The words were hardly out of his mouth before he felt his paws slipping. For a heart-stopping moment he thought the wind would bowl him over to plummet down to the rocks below. The landscape whirled sickeningly around him. Then teeth fastened in his scruff and yanked him back to safety. He looked up to see Crowfeather.
“Thanks,” he gasped.
“Just remember you’re not a bird,” the WindClan cat growled.
Lionpaw sat down for a few heartbeats until the dizziness passed and his heart stopped pounding. When he looked up, he saw Talon, Tawnypelt, and Brambleclaw standing a few paw steps away. The Tribe cat waved his tail to point at something below the ridge.
“That’s where Stormfur led us into battle,” he meowed.
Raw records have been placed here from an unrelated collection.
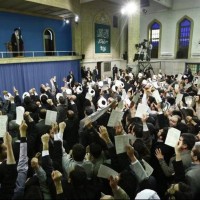 تقرير مصور عن لقاء أهالي آذربيجان مع قائد الثورة الاسلامية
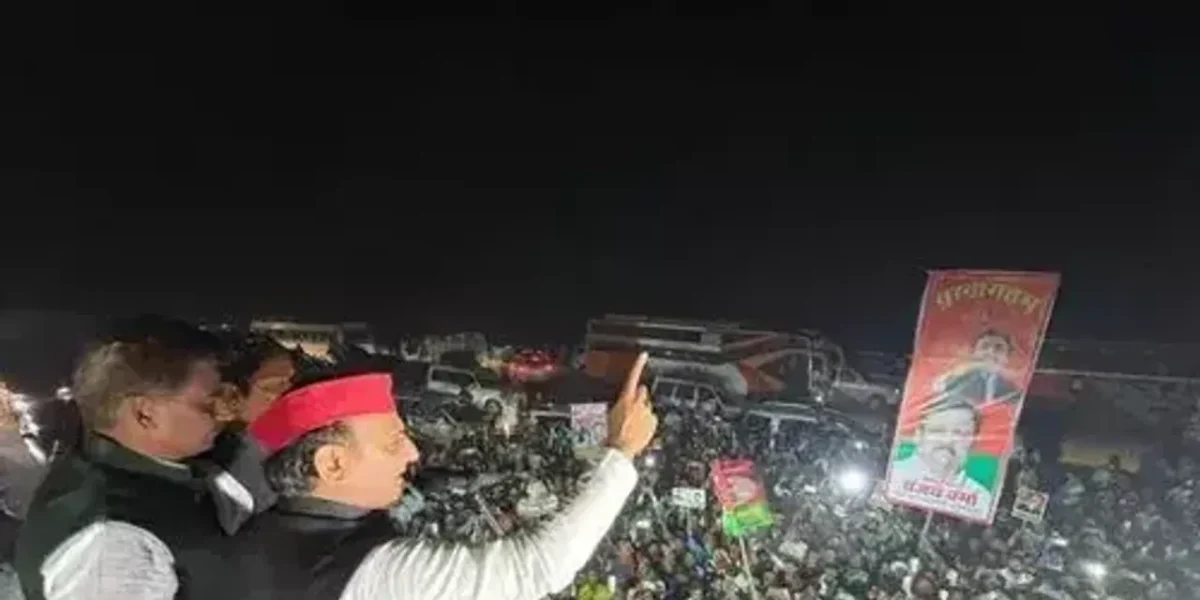 Akhilesh Yadav completes his yatra on the newly inaugurated expressway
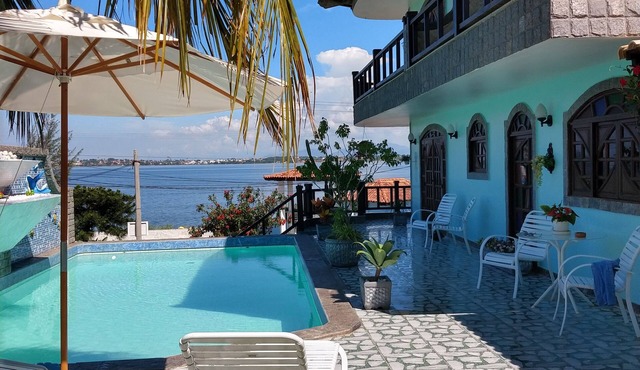 LAGOON FRONT HOUSE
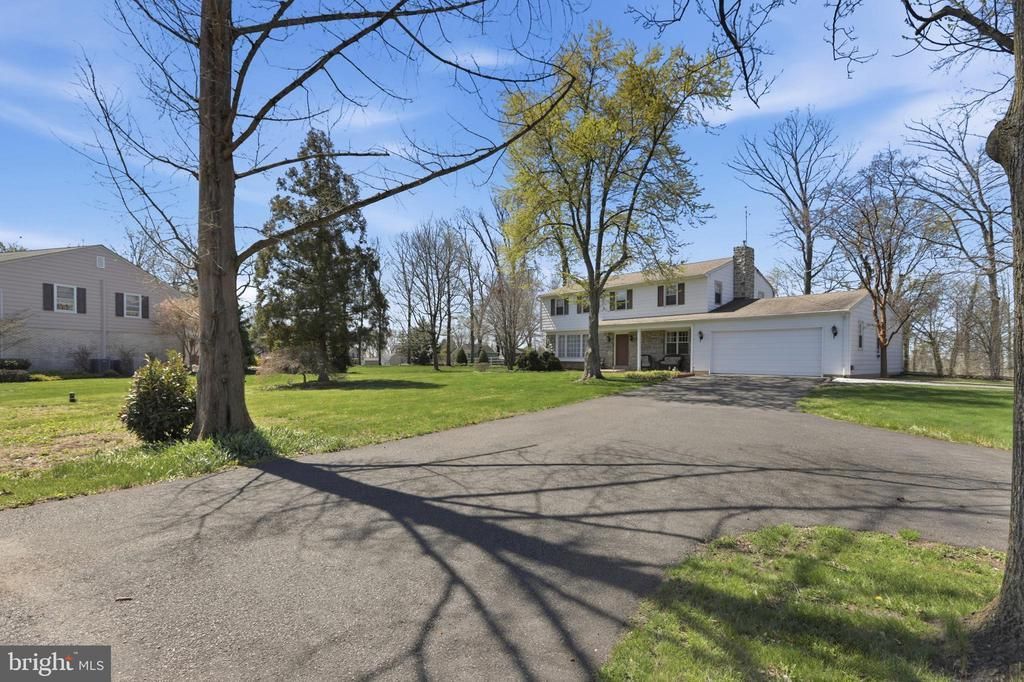 372 OAK DRIVE Souderton, PA 18964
More cautiously this time, Lionpaw padded up to the edge and peered over. The ground fell away into a steep valley, with jagged rocks on either side. At the bottom a narrow stream wound its way among boulders. He shivered, imagining that he could see the slopes running with the blood of cats and hear their screeches as they hurled themselves into the fight.
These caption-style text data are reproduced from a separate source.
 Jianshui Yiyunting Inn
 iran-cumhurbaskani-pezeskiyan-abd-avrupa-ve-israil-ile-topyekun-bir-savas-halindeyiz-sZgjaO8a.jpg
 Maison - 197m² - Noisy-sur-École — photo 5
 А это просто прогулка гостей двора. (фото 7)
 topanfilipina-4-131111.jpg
“We don’t go that way anymore,” Talon continued. “The intruders think it belongs to them now.”
“Maybe we need to teach them they’re wrong,” Tawnypelt suggested with a lash of her tail.
Talon shook his head. “It’s not worth it. We never found much prey there. If we go a bit farther along this ridge, we come to another valley with a stream. There’s grass growing there and a few bushes, and you can generally pick up a mouse or two, or even a rabbit if you’re lucky. We get moss for bedding from there, too.”
Lionpaw looked in the direction he pointed. A few fox-lengths farther along the ridge there was a twisted spike of stone like a lightning-blasted tree. “That would make a good border marker,” he suggested to Brambleclaw.
Brambleclaw nodded. “Good thinking. And the valley with the stream should be part of the Tribe’s territory.”
The Tribe cats made no comment, though they exchanged doubtful glances. With a flash of sympathy Lionpaw guessed that they might feel they were losing their territory anyway, to the Clan cats who were telling them what to do.
“Can you take us there, Talon?” Brambleclaw asked.
“Sure.” The big cave-guard set out along the ridge and Lionpaw followed with the other Clan cats, being very careful where he put his paws. The eagle, he was relieved to see, had disappeared.
The next valley, when they came to it, looked more inviting for hunting, with plenty of cover for prey. Talon would have turned down into it, but Brambleclaw urged them on, following the top of the ridge.
“We need to walk all the way around the border,” he meowed, “or at least where we think the border might be.”
“What?” Bird looked startled. “We can’t possibly go all that way in a single day.”
“It takes longer here, you know,” Gray added. “It’s not like traveling on flat ground.”
“I know that,” Brambleclaw responded, understanding in his amber eyes. “But time isn’t on your side. The intruders aren’t going to wait for you.”
Talon let out a low growl. “You’re right. Let’s get going.”
He led the group of cats along the top of the valley, taking in the spike of stone as a border marker. The ridge dipped at the point where it crossed the head of the valley, where the stream poured out from a cleft between two rocks.
“This is another good place for a marker,” Brambleclaw explained. “Once the border is decided, you’ll need to place scent markers every day, and it’s best to choose places that are easy to remember.”
Talon nodded, but Lionpaw thought he still didn’t look convinced that marking the territory was what the Tribe wanted to do.
From here their route lay across a plateau covered by loose, sharp stones, then over several steep ridges where there were no paths to guide them. The sun climbed high in the sky.
Lionpaw’s legs ached, and he lost count of the number of times he scraped his pads on rough stone. He left smudges of blood behind him as he walked. Even the Tribe cats began to look exhausted.
Brambleclaw halted abruptly as he rounded a huge boulder and Lionpaw almost crashed into him. The dark tabby’s fur was bristling and Lionpaw picked up the scent of anger. Alert for danger, he stretched up to look over his father’s shoulder.
He was overlooking a hollow with a pool at the bottom and a few straggly bushes. Three cats were just emerging from the shelter of the branches; the first one had a mouse dangling from his jaws. All three of them paused and looked up curiously.
“What’s going on?” a black tom asked. “What do you want?”
“We could ask you the same question,” Brambleclaw replied, taking a few paces forward to stand on the lip of the hollow.
Talon stalked up to stand beside him, and Tawnypelt joined him on the other side. Lionpaw noticed Bird and Gray taking up positions where they could spot any other intruders approaching, while Crowfeather skirted the top of the hollow until he could keep watch on the bushes from the other side.